Find the slope of the line shown on the graph to the right.
Question content area bottom left
Part 1
Select the correct choice below and fill in any answer boxes within your choice.
A.
The slope of the line is enter your response here.
(Type an integer or a simplified fraction.)
B.
The slope is undefined.
.
.
.
Question content area right
Part 1
-8
8
-8
8
(−4,−3)
Without being able to see the graph, it is not possible to determine the slope of the line.
To find the slope of a line, we can use the formula:
Slope = (change in y-coordinates)/(change in x-coordinates)
Given the coordinates (-4,-3) and (8,8), we can calculate the changes:
Change in y-coordinates = 8 - (-3) = 11
Change in x-coordinates = 8 - (-4) = 12
Now, we can find the slope:
Slope = (11)/(12)
Therefore, the slope of the line shown on the graph is 11/12.
Answer:
A. The slope of the line is 11/12.
To find the slope of a line, you need two points on the line. In this case, the two points are given as (-4, -3) and (8, -8).
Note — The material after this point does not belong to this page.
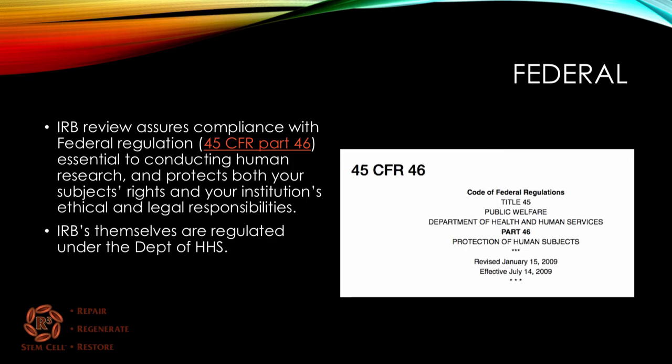On a federal level, the IRB review assures compliance with Federal Regulation 45, Code of Federal Regulations Part 46, which is essential to conducting human research and protects both your subjects' rights and your institution's ethical and legal responsibilities.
The slope of a line can be calculated using the formula:
slope = (change in y) / (change in x)
To find the change in y (Δy), you subtract the y-coordinates of the two points:
Δy = -8 - (-3) = -8 + 3 = -5
To find the change in x (Δx), you subtract the x-coordinates of the two points:
Δx = 8 - (-4) = 8 + 4 = 12
Now, substitute these values into the slope formula:
slope = Δy / Δx = -5 / 12
Therefore, the slope of the line shown on the graph is -5/12.